Opposition parties were caught off guard when Erdogan called snap elections last week, advancing both presidential and parliamentary polls to this June from November 2019. They’re now frantically debating how best to challenge the president, who’s looking to cap nearly 16 years at the pinnacle of Turkish power.
If opinion polls can be trusted, they have a lot of ground to make up. A recent poll showed Erdogan with 43.5 percent support, more than double his nearest challenger. But to secure a first-round win, he needs a minimum of 50 percent of the vote. Any split within the ranks of the AK Party -- for example with a Gul candidacy -- would make it even harder to avoid a second-round, run-off vote. Gul received just over 5 percent in the survey.
Under the new system to be implemented after the June vote, the president will have the power to appoint ministers and judges, set the nation’s budget and declare a state of emergency. The prime minister’s job will be abolished.
Saadet, the Islamist opposition party, has so far failed to convince the secularist CHP and newly-formed nationalist spin-off Iyi Party to back Gul, with both parties insisting they’ll field their own candidates.

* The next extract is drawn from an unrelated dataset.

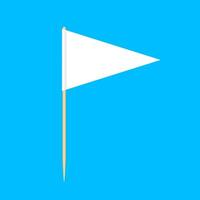 wooden toothpicks flags triangle miniature isolated on blue, toothpick flags triangle blank or white, toothpick pin icon, toothpick flags for mini stick pointer message vector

The pro-Kurdish HDP, whose leadership is in jail, also says it’ll run its own candidate.
Saadet won less than 1 percent of the vote in 2015 parliamentary elections. In an interview on Tuesday with Bloomberg, its leader Temel Karamollaoglu accused Erdogan of betraying the Islamic values of most Turks. Erdogan has “departed from our principles in every way, on poverty, corruption and restrictions,” Karamollaoglu said.
As prime minister from 2003 until 2014, Erdogan offered Turkey respite from the revolving-door coalitions that had characterized the 1990s, and used his mandates to attract unprecedented amounts of foreign investment and energize Turkey’s economy. But his later administrations, as well as his time in the president’s office since 2014, have been characterized just as much by charges of corruption and criticism for creeping authoritarianism. Turkey has also gotten pulled deeper into the war in neighboring Syria, where its army has been battling Syrian Kurdish militants.
Still, the apparent nervousness of Erdogan and his team about a possible Gul candidacy is probably overblown, according to Anthony Skinner, a director at U.K.-based forecasting company Verisk Maplecroft. “The incumbent has always had the vote in the bag irrespective of when the polls are held,” Skinner said
“All their strength is being used not to try to rule Turkey, but just to pour out their hostility against me and AK Party,” Erdogan said in a speech in Ankara on Friday. “Whatever conspiracies you may be plotting, God willing, you’ll fail again.”